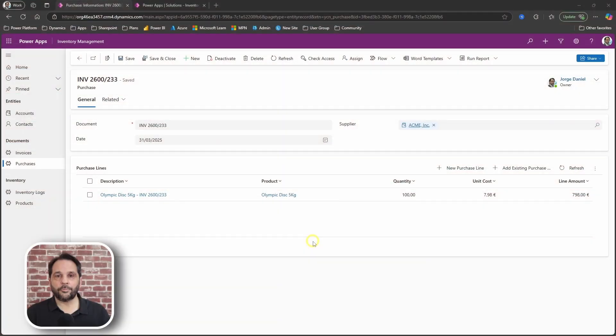My name is Jorge Daniel, and in this video, I'm going to show you the implementation of invoices and how they impact inventory. Let's start with a quick recap.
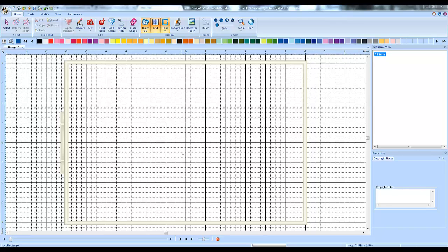Hey everybody, it's Brad again with another video on Masterworks 3 for you. Today I'm going to talk about something called pull compensation.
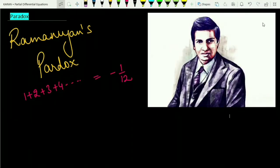Hello students, welcome to our YouTube channel. In this series of videos, we plan to talk about some unique concepts in mathematics. The first amazing concept we are going to discuss is Ramanujan's Paradox. It states that if you sum 1 plus 2 plus 3 and so on to infinity, this is going to give you minus 1 upon 12. This will create a lot of confusion in your mind, so let's discuss the idea behind this.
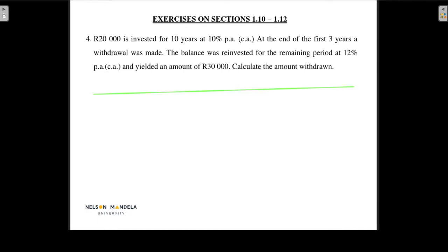I start out with my timeline. At time t0, I have 20,000 rands. Then at time t3, I withdraw a certain amount of money — let's call the amount that we withdraw x. And then at time t10, we have 30,000 rands, and we would like to know what this x is.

++++++

### Aim of the exercise
Leaving images out, please output every line of the data exactly.

### Written answer
My name is Jorge Daniel, and in this video, I'm going to show you the implementation of invoices and how they impact inventory. Let's start with a quick recap.
Hey everybody, it's Brad again with another video on Masterworks 3 for you. Today I'm going to talk about something called pull compensation.
Hello students, welcome to our YouTube channel. In this series of videos, we plan to talk about some unique concepts in mathematics. The first amazing concept we are going to discuss is Ramanujan's Paradox. It states that if you sum 1 plus 2 plus 3 and so on to infinity, this is going to give you minus 1 upon 12. This will create a lot of confusion in your mind, so let's discuss the idea behind this.
I start out with my timeline. At time t0, I have 20,000 rands. Then at time t3, I withdraw a certain amount of money — let's call the amount that we withdraw x. And then at time t10, we have 30,000 rands, and we would like to know what this x is.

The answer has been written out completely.